Personne n’est content, mais tout le monde se tait. Voilà comment se résume la situation de Benno Bokk Yaakaar à Ziguinchor. Aujourd’hui, seuls les jeunes tentent d’élever timidement la voix. Et c’est pour accepter, certainement la mort dans l’âme, la sentence du maître.
(Correspondance) – Rarement Ziguinchor aura été aussi calme. Depuis le dernier remaniement ministériel, rien ne bouge dans la ville. La capitale du sud offre l’image d’une localité sur laquelle plane une réelle menace. Cette fois-ci, ce n’est pas la crainte d’une insécurité qui rend morose la vie dans cette ville, d’habitude si bouillante, mais, plutôt l’incertitude d’un avenir qui semble compromis depuis la dernière présidentielle qui a consacré la défaite du Président Macky Sall à Ziguinchor devant Ousmane Sonko.
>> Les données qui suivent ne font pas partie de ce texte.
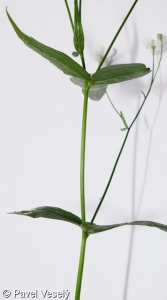 Ranunculus platanifolius – pryskyřník platanolistý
Le Président a donc été réélu pour un second mandat sans la capitale du sud et sa région. La crainte de voir ce dernier gérer donc sans Ziguinchor est d’autant plus grande que la capitale du sud a déjà subi une cure de dépérissement après les départs du gouvernement d’Aminata Angélique Manga, alors en charge de l’Economie solidaire et de la Microfinance, de Souleymane Jules Diop, ministre délégué chargé du Suivi du Programme d’urgence de développement communautaire (Pudc) et de Moustapha Lô Diatta, ministre délégué chargé de la Mutualisation des organisations paysannes.
La région doit désormais se contenter de la présence au Conseil des ministres d’une autre Aminata, celle-là Assome Diatta. Comment ne pas percevoir cette situation comme une sanction ? Dans la capitale du sud en tout cas, rien ne peut changer cette perception, y compris dans les rangs de la coalition présidentielle. Sauf que dans Benno Bokk Yaakaar, les assentiments sont étouffés par le sentiment de culpabilité, mais aussi et surtout, par la menace de nouvelles sanctions perceptibles dans les dernières déclarations du président de la République contre les éventuelles sorties médiatiques. Tout le monde est devenu subitement muet. Mais, derrière cette surdité se cache forcément une désapprobation d’une opération de représailles qui est en train de sortir du cadre politique pour toucher des secteurs sensibles comme la foi. Depuis quelques temps en effet, des voix de plus en plus audibles s’élèvent des foyers religieux pour regretter l’inaction inhabituelle de l’Etat face aux événements religieux. Au Gamou annuel de Sindian par exemple, aucun soutien des autorités n’a été noté pas plus qu’une présence de représentants de l’Etat. Le même sort aurait également été réservé au Fogny. De là à conclure à une attitude vengeresse du gouvernement, il y a un pas que beaucoup de gens n’ont pas hésité à franchir. La situation semble donc inquiétante chez une population qui reste dans l’expectative mais qui ose garder l’espoir avec la poursuite des travaux de la voirie à Colobane, à Kandialang et à Lyndiane notamment.
«Nous pensons que la sanction du Président Macky Sall sera simplement politique et non économique ou autre». Cette déclaration d’espoir d’un jeune de Benno traduit l’état d’esprit d’une jeunesse qui a pris la parole à la place des adultes. Au cours d’un point de presse, les jeunes de Benno Bokk Yaakaar ont félicité le Président Macky Sall «pour sa brillante victoire à la présidentielle» et manifesté leur adhésion à sa vision. Mais, cette sortie, plus qu’un renouvellement de confiance vis-à-vis d’un chef, présente les caractéristiques d’une demande de grâce…présidentielle après un échec électoral qui commence à être lourde de conséquences pour Ziguinchor et les Ziguinchorois.